| Exercise instructions |
Print exactly the lines below between the line containing "nissen（ニッセン）の「" and the line containing "Conjunto Home Office", counting both of those lines. Leave pictures out.

| Supplied material |
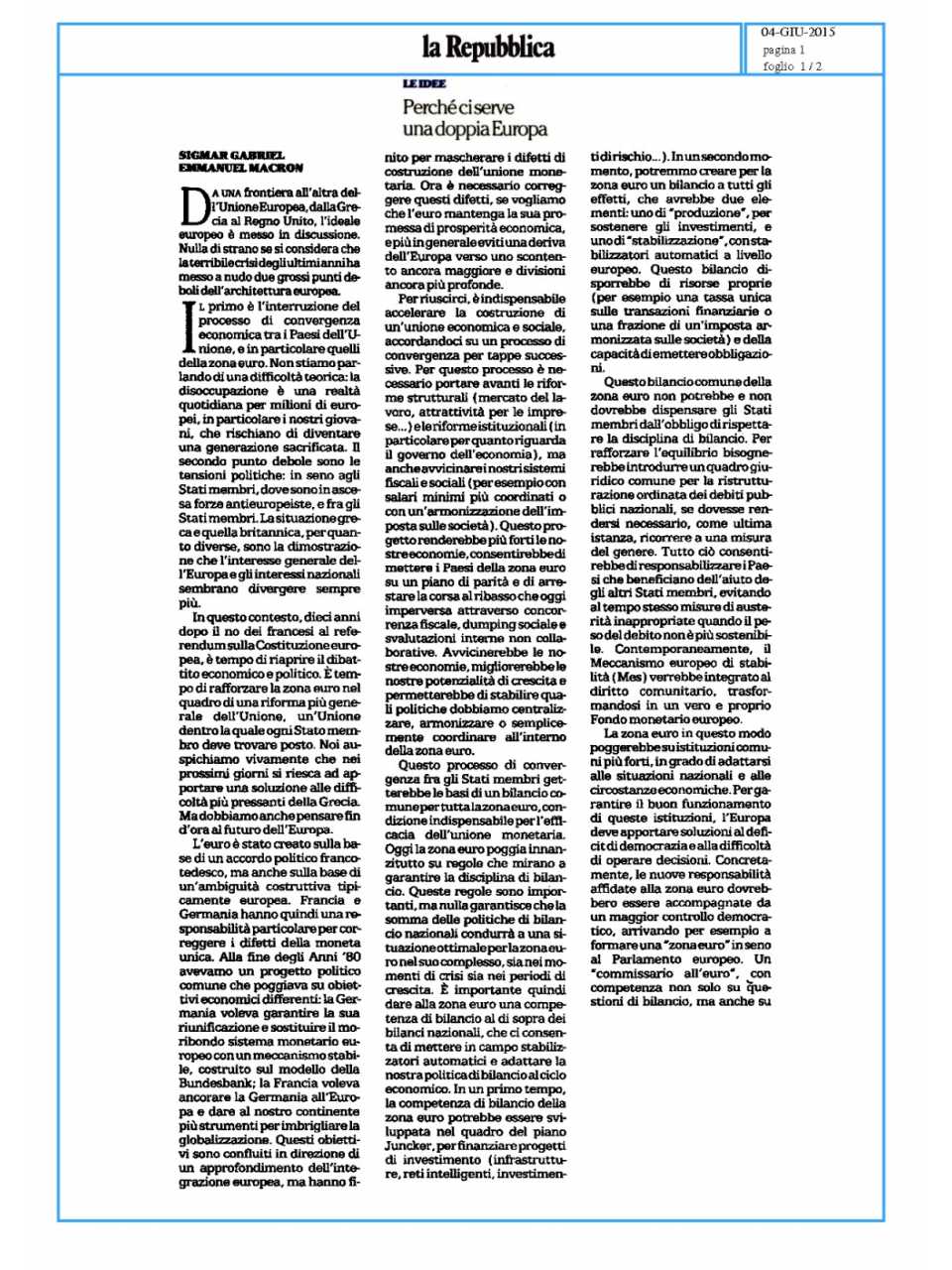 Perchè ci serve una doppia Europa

...

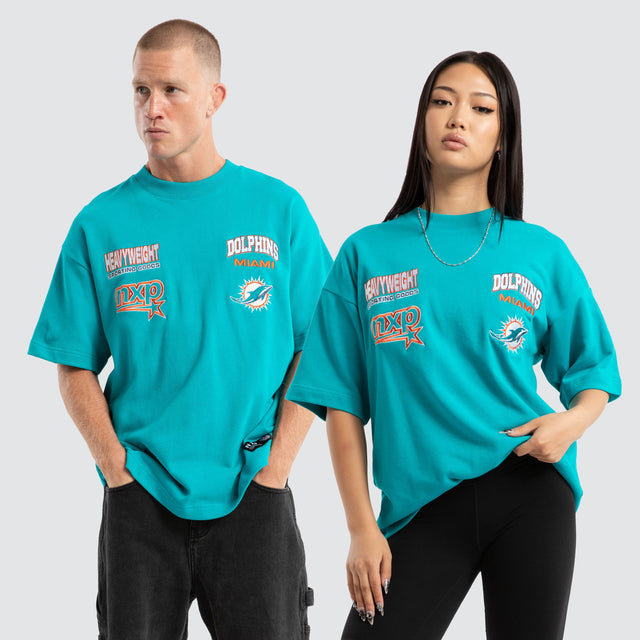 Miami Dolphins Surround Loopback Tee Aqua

* * *

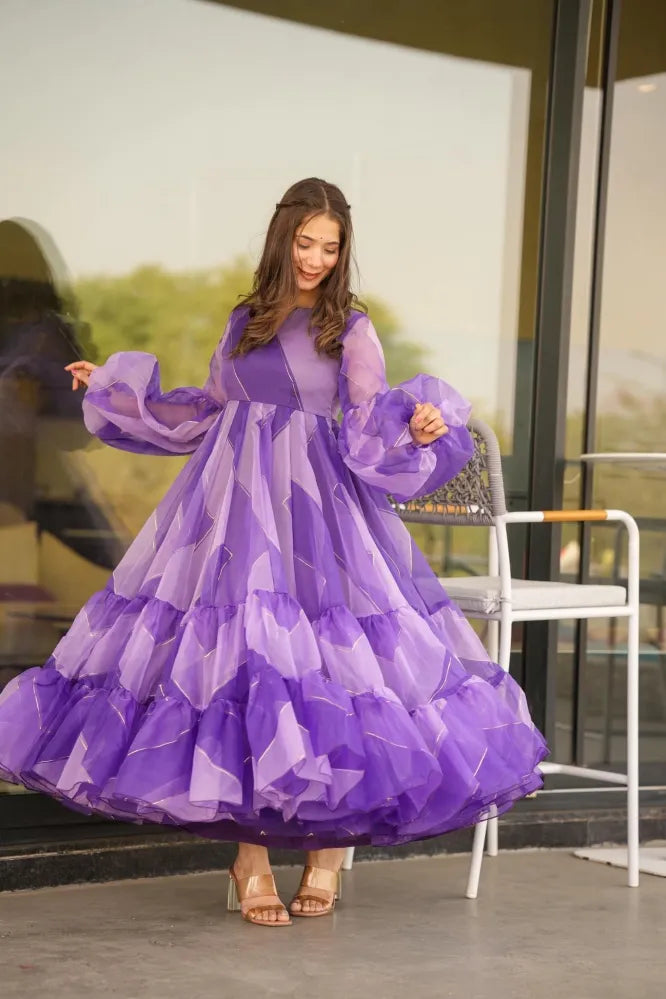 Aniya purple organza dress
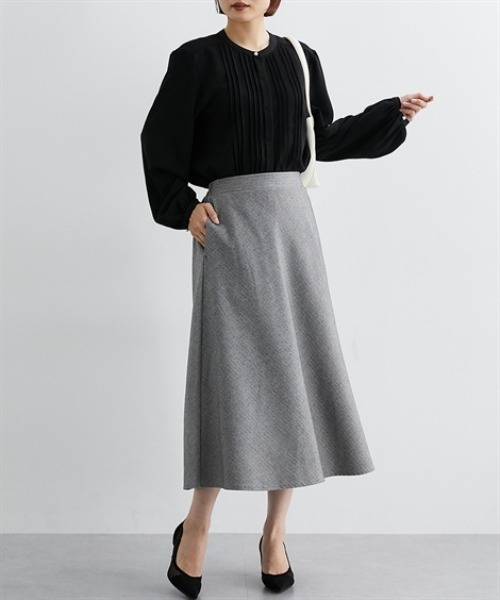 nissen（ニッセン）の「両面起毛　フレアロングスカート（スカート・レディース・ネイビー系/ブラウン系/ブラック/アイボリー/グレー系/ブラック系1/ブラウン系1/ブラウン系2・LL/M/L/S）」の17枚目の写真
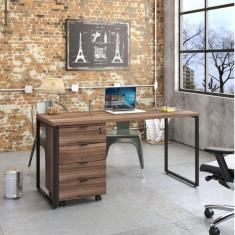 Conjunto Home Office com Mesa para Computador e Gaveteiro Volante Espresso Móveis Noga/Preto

| Answer to the exercise |
 nissen（ニッセン）の「両面起毛　フレアロングスカート（スカート・レディース・ネイビー系/ブラウン系/ブラック/アイボリー/グレー系/ブラック系1/ブラウン系1/ブラウン系2・LL/M/L/S）」の17枚目の写真
 Conjunto Home Office com Mesa para Computador e Gaveteiro Volante Espresso Móveis Noga/Preto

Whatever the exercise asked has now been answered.